Fan, Yueyue; Maheshwari, Saurabh (2020), NCST Caltrans project on sensor data error estimation, Dryad, Dataset, https://doi.org/10.25338/B8TP5Q

Abstract

The aim of this script is to automate the process of directed network graph formation, i.e., creation of incidence matrix, node adjacency matrix, and map the sensors to appropriate links. The data used for creating the freeway network is obtained from open street maps, whereas, the data for sensors is obtained from PeMS. The results of the algorithm will later be fed to the network sensor error estimation algorithm, that quantifies the erroneous sensors using network statistics.

Methods

Major libraries used:

Osmar - To import data from open street maps Leafletmapviewsp - Mapping the network dplyrplyr - To manipulate data frames

Data used:

The data used for creating the freeway network is obtained from open street maps, whereas, the data for sensors is obtained from PeMS.

Methodology

Creating the map required We start by downloading the bulk osm data for California (approx. 18GB). Next, using osmar library, we extract the required data using a bounding box, demarcating the latitude and longitude boundaries. bbox = corner_bbox(-118.0042, 33.6363, -117.7226, 33.9194) Then extracting only the freeway information (links and nodes) from the resulting data.  The problem here is that most of the links contain more than two nodes, which would make the incidence matrix unnecessarily large. Thus, we extract the nodes that connect two links, and map them over the links.

Creating the incidence matrix To create the incidence matrix, each link was looked up for the first and last node incident on it, keeping in mind the direction. The rows represent nodes, whereas the columns represent links. +1 was assigned at the head and -1 to the tail of the link, all other entries to 0. The incidence matrix has a dimension of 2973 by 2640.

Assigning links to appropriate freeways The osm data does not explicitly mention about which freeway is a particular link part of. 

Thus, for the freeway links a combination of "name" and "ref" tag was used to obtain the information about the freeway.

Adding ramps to the Fwy data frame So far, we only have freeway links assigned to the appropriate freeways. Now, we would like to add the immediate links that go off or on the freeway, aka ramps, to the data frame Fwy. This is done by checking for each node on the freeway segment, out of the links it is incident upon, which one is tagged as "motorway-link" in the osm data. If there is such a link, it was added to the Fwy data set with appropriate freeway values. 

Overlapping sensors over the network The sensor data is now used to add a layer over the existing graph to help visualize the complete network. Different types of sensors are grouped separately and can be viewed as per user's choice by clicking the check boxes. The legend shows the color used for each sensor type. Hovering upon the sensor, link or node highlights their IDs.

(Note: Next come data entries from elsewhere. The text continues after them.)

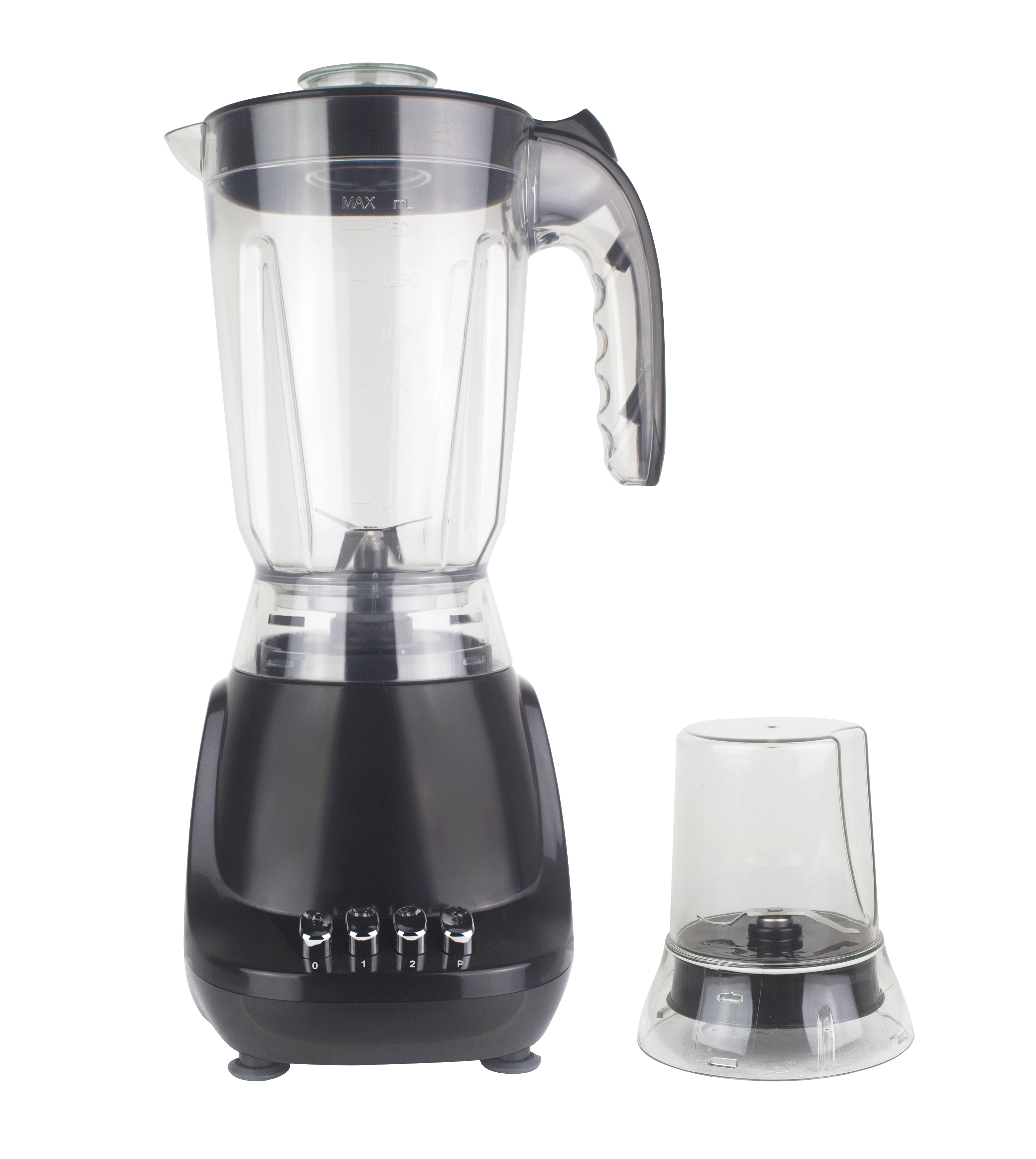 Frullatore per alimenti DL-BL26PP 2IN1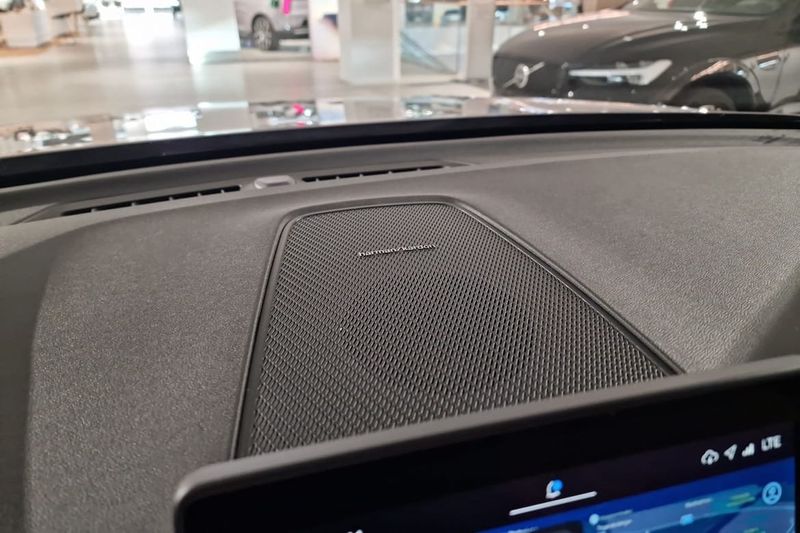 Volvo XC60 bild 14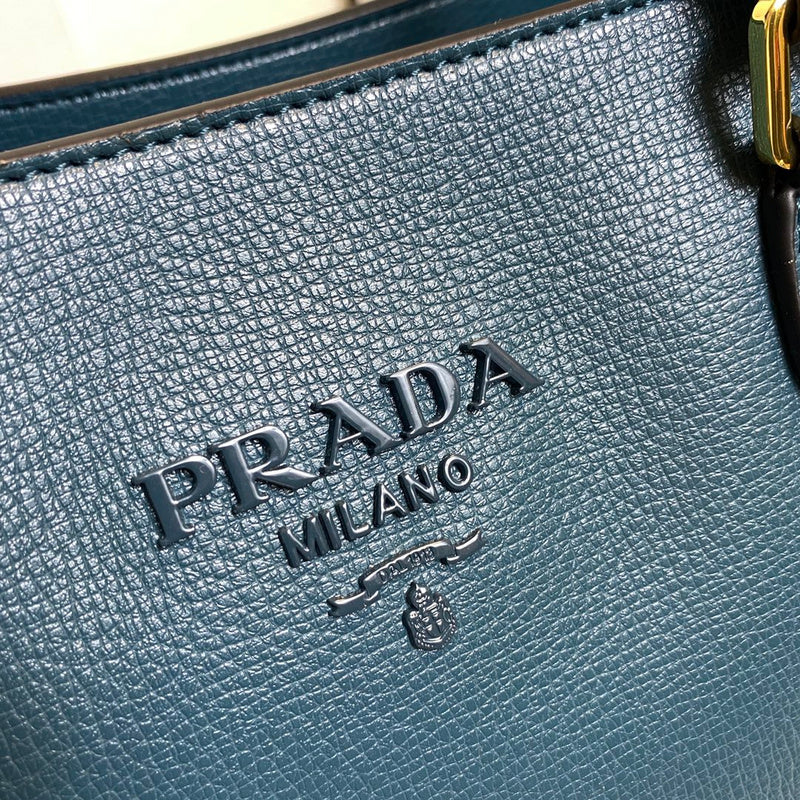 Amelia- PRDA  LUXURY BAGS - 055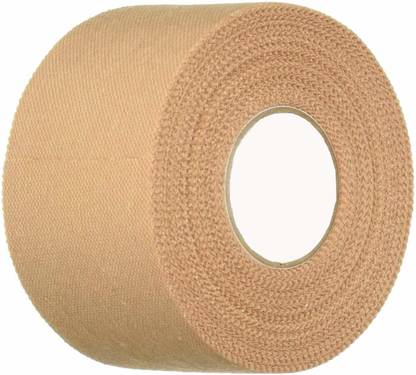 Healthcave Rigid tape First Aid Tape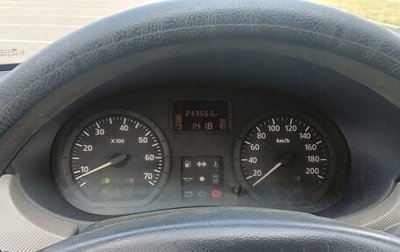 Renault Logan I, 2010 год, 190 000 рублей, 1 фотография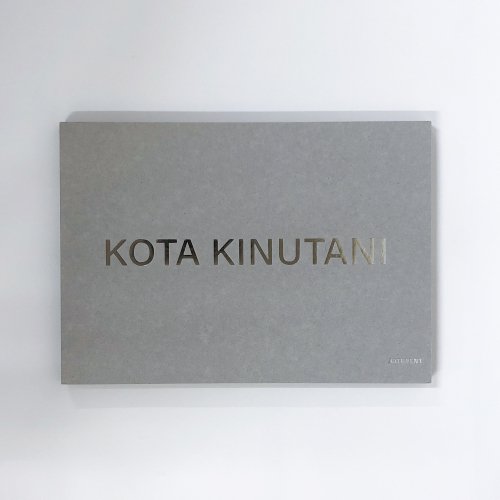 Ͽ KOTA KINUTANIëʽ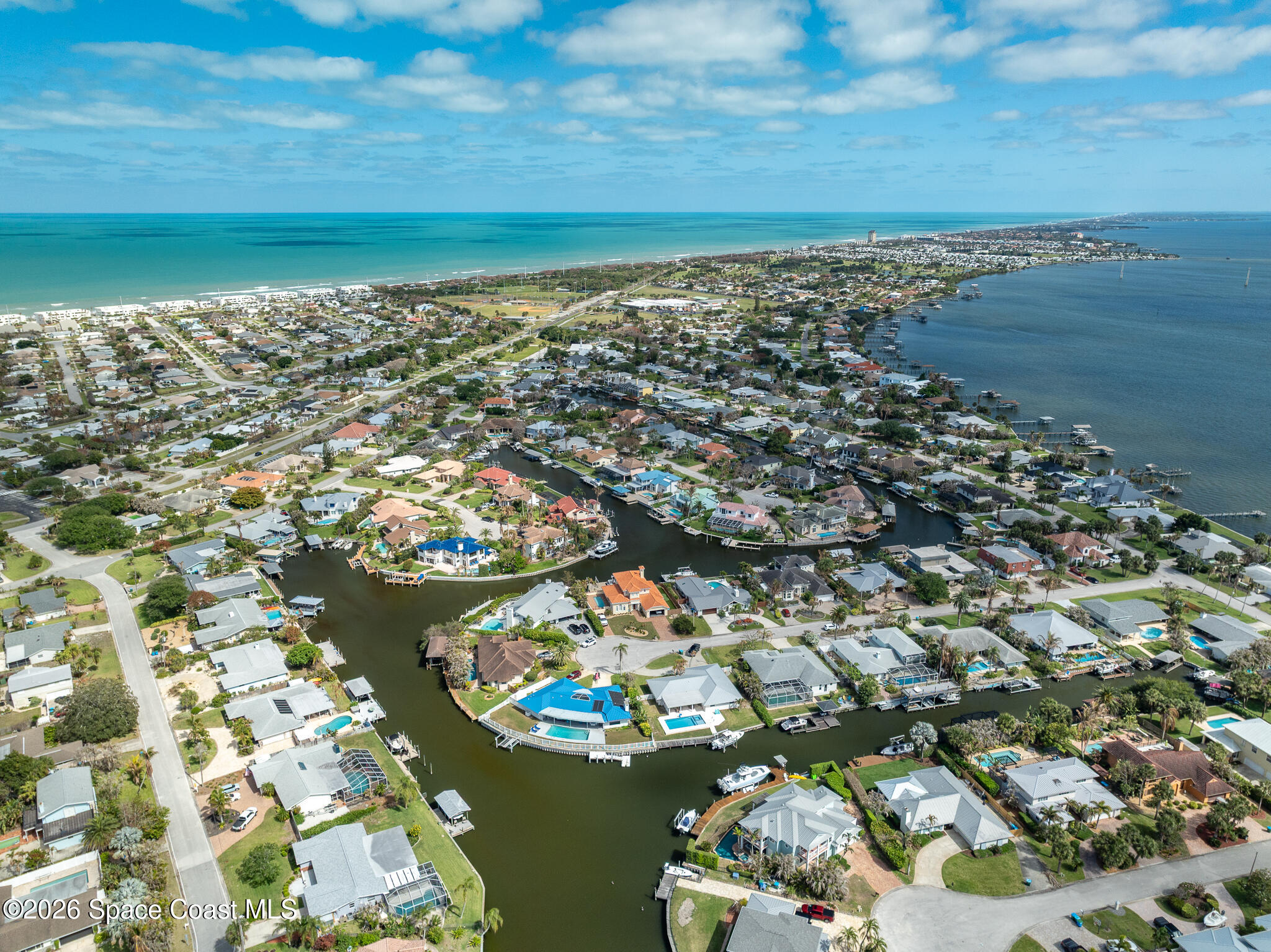 447 Sandy Key Melbourne Beach, FL 32951 - Photo 83 of 94 JCP_LLC2395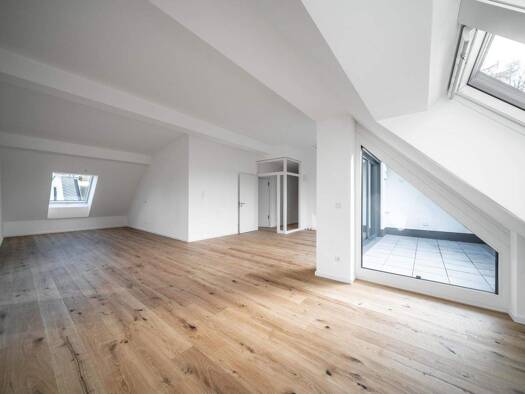 Wohnung zum Kauf provisionsfrei 1.064.820 € 2 Zimmer 97,7 m² München 81737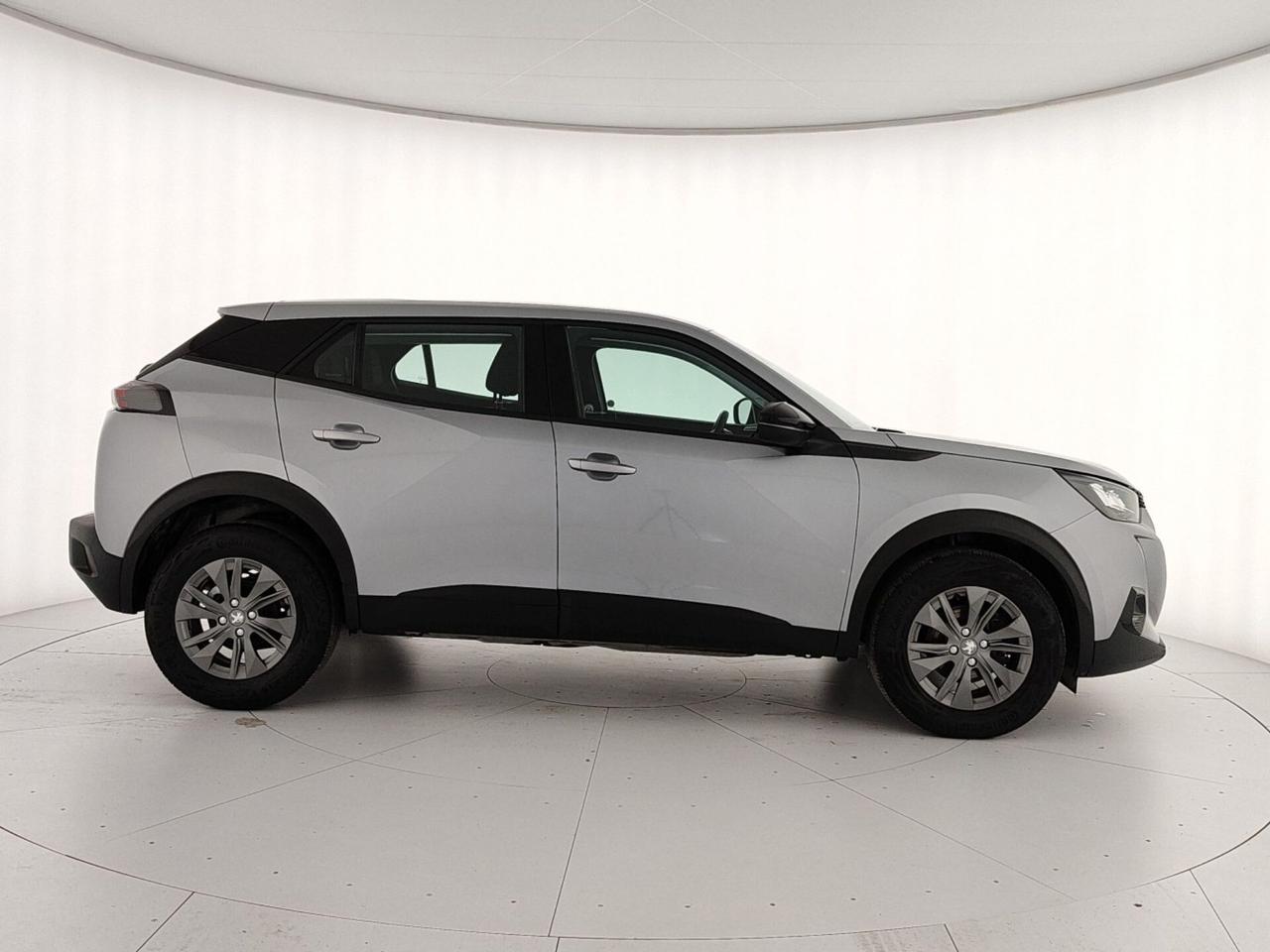 Peugeot 2008 PureTech 100 S&S Active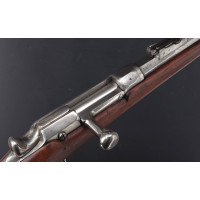 Armes Longues FUSIL INFANTERIE CHASSEPOT Manufacture de TULLE Modèle 1866 de 1868 - France IIIè République {PRODUCT_REFERENCE} -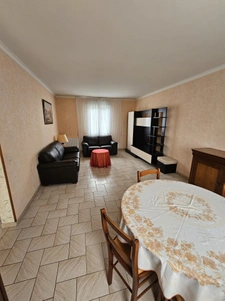 Maison de PLAIN PIED, Nantes La Perverie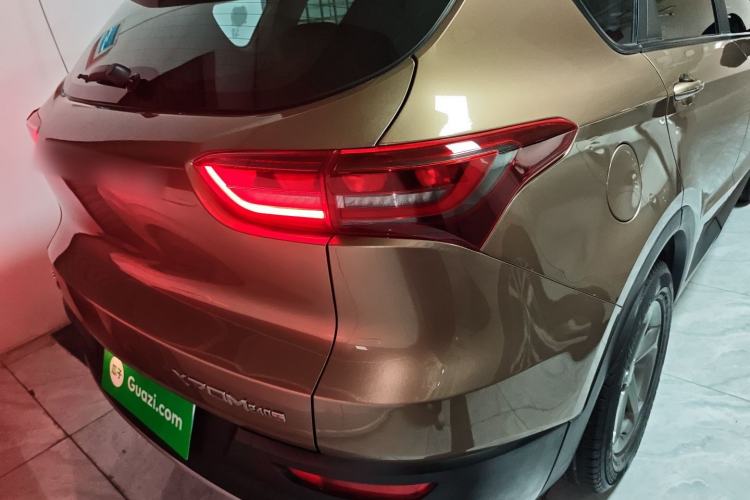 Used JETOUR X70M 2020 1.5T DCT Companion Version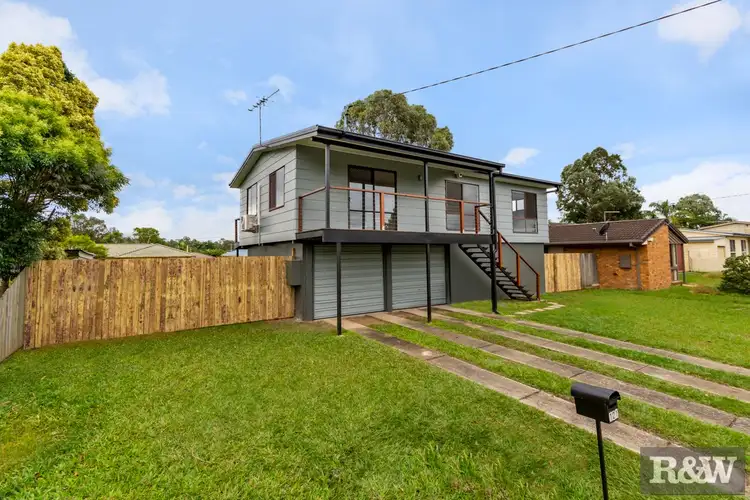 121 Torrens Road, Caboolture South QLD 4510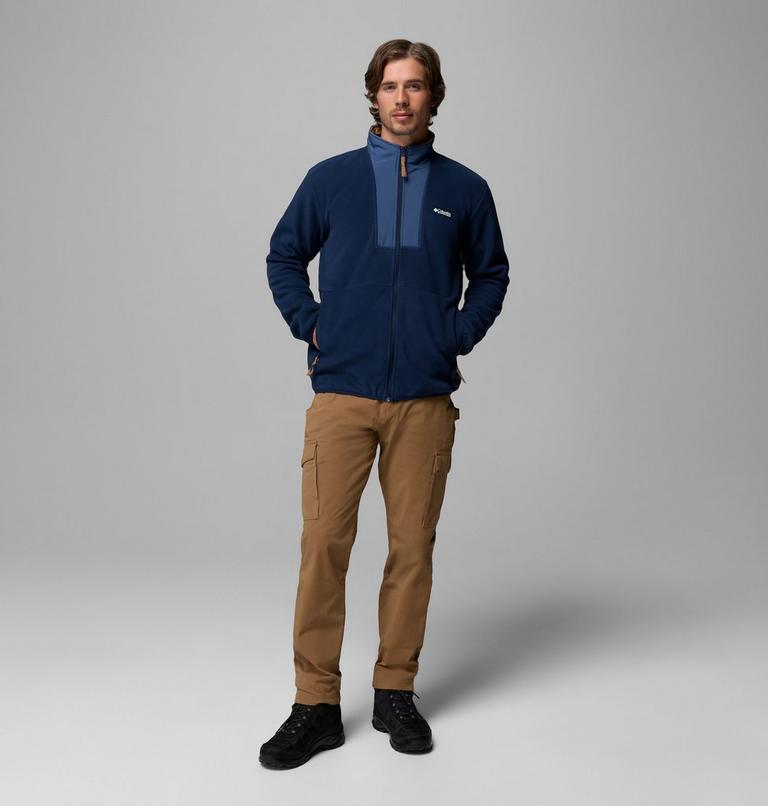 , Color: Collegiate Navy, Dark Mountain, image 2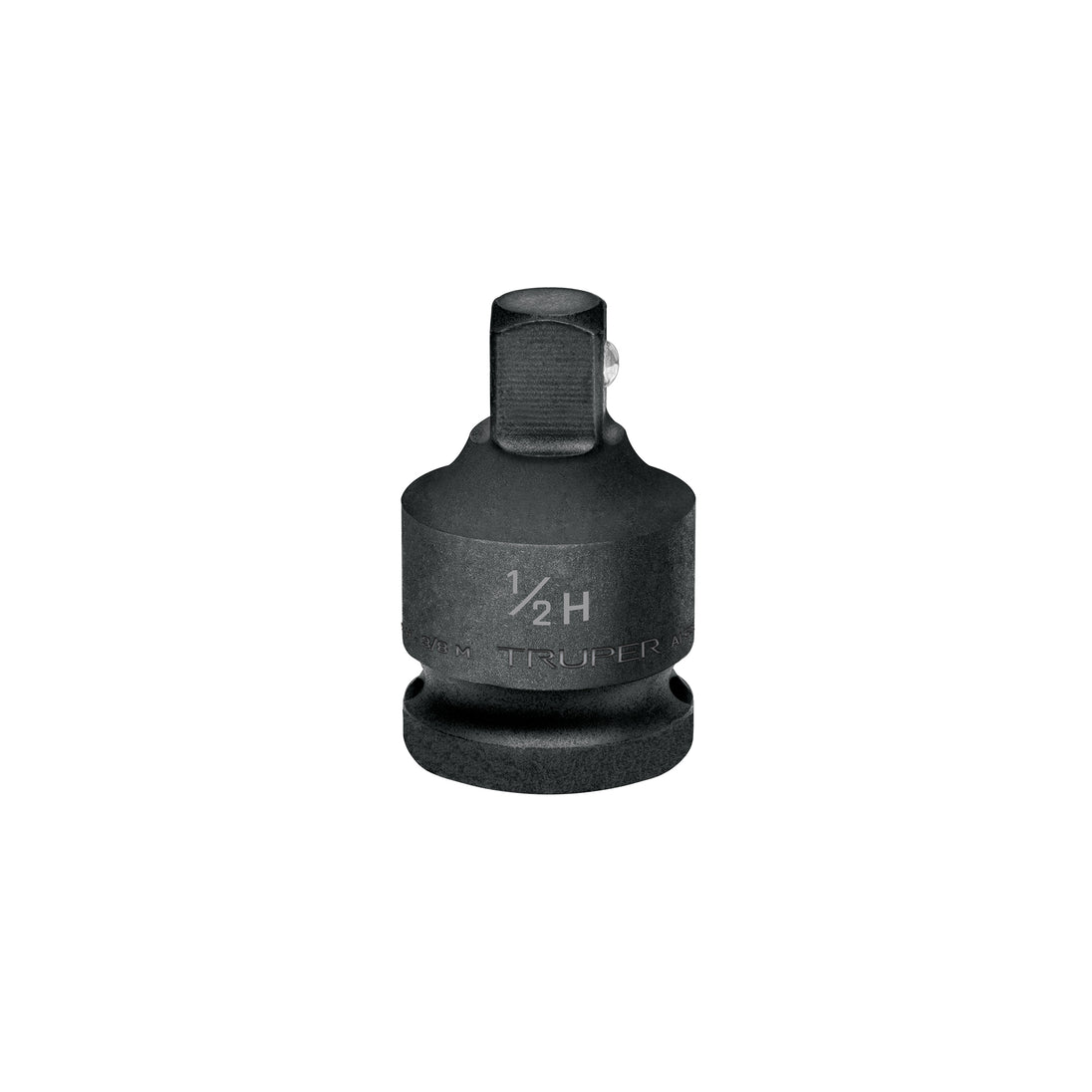 AI-5254 Adaptador de impacto 1/2" (H) x 3/8" (M), Truper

By default, main line (ML) sensors are checked.

Mapping sensors to the appropriate links Currently, by visualization we can figure out the link that contains a particular sensor. As PeMS sensor metadata does not interact with the osm data, the link-sensor relation is unknown. We need to create an algorithm such that each sensor automatically gets mapped to the link using the geographical properties. The algorithm for mapping sensors to the links is as follows:

  1. For each sensor location, extract all the links on the freeway segment in the direction sensor is installed
  2. For the nodes on each link, calculate 3 distances
    1. Distance between the nodes (d1)
    2. Distance between first node and sensor (d2)
    3. Distance between last node and sensor
  3. Calculate d1 - (d2+d3), call it d4
  4. Calculate d4 for each link, and arrange d4 in ascending order
  5. The link for which d4 is smallest and lesser than a threshold (1e-4 in this case), assign it the sensor
  6. Repeat the above steps for each sensor location

Finally, the results are stored as a form of a list (linkId). For illustration purpose, 5 ML sensors on I-5, highlighted on the map, are shown below with the appropriate link chosen by the algorithm. One can verify the IDs by hovering above the links in the map and cross checking with the table that appears below.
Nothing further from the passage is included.